Ana Minski : Le besoin de « stockage symbolique externe », que vous définissez comme « la nécessité d’enfermer ses mondes virtuels, probablement très riches, dans des artéfacts », commencerait à partir de 40 000 ans, au Paléolithique supérieur, avec la représentation figurative. À Blombos une plaquette gravée de croisillons, datée de 70 000 ans, a été mise au jour. Des tracés géométriques rythmés voire même les bifaces sont considérés par certains archéologues comme les premières formes d’art ou du moins comme les premières représentations symboliques, ce qui reculerait l’apparition des comportements dits modernes (art et écriture) au Paléolithique ancien, à Homo erectus. Pourquoi ne pas tenir compte de ces tailles ou tracés rythmés et symétriques, et considérer la représentation figurative comme une rupture dans notre rapport au monde, à l’invisible et aux autres espèces ? Les peuples qui pratiquent un chamanisme hiérarchique ont-ils un stockage symbolique plus important que celui des peuples hétérarchiques ? Les représentations symboliques sont-elles plus figuratives chez les uns ou les autres ? Cette différence, si elle existe, est-elle d’ordre quantitatif ou figuratif ?

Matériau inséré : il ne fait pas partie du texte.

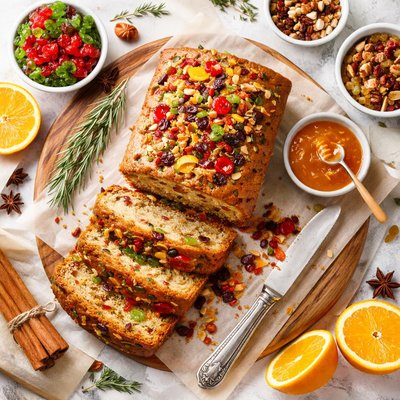 Image of Light Fruitcake Ii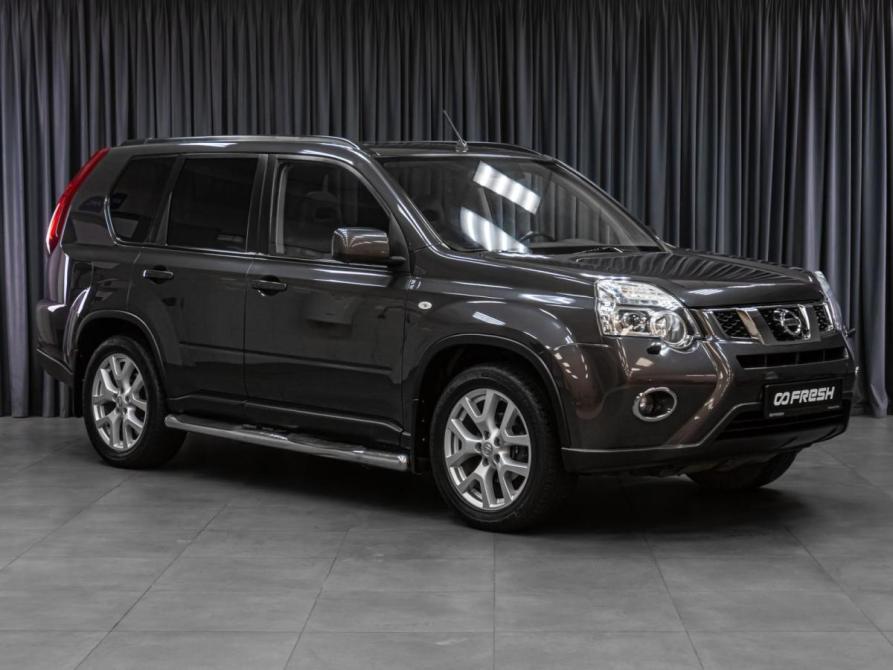 Nissan X-Trail II Рестайлинг Тюмень  - изображение 1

Charles Stépanoff : Les tracés géométriques du Paléolithique moyen sont en effet connus : Leroi-Gourhan parlait à leur sujet de « période préfigurative ». Ces tracés sont très énigmatiques et il est vrai que l’on peut les considérer comme des traces matérielles de stockage symbolique externe, mais sur un mode très différent de l’art figuratif. Gardons en tête la problématique de Leroi-Gourhan, celle du lien entre graphisme et parole, qu’il synthétise dans la notion de « mythogramme » (parole – graphisme). Dans l’ethnographie, on sait que de tels tracés peuvent être utilisés par exemple pour enregistrer une succession de chants. Ils ont pour but d’aider à la mémorisation d’une séquence rythmée, mais ils ne peuvent pas avoir d’effet précis sur le contenu de l’imagerie mentale. Un même signe, le trait, renvoie à un ours, un héros, ou un arbre. La visualisation mentale n’est pas déterminée par le signe, on est dans de l’imagination largement exploratoire plutôt que guidée. En revanche quand le chant rituel est accompagné de figures peintes ou gravées, le signe iconique met d’une certaine manière l’imagerie mentale sur des rails, en tout cas il lui ouvre des pistes. L’apparition de la figure et sa généralisation est donc une innovation intéressante du point de vue de la question des rapports entre visible et invisible.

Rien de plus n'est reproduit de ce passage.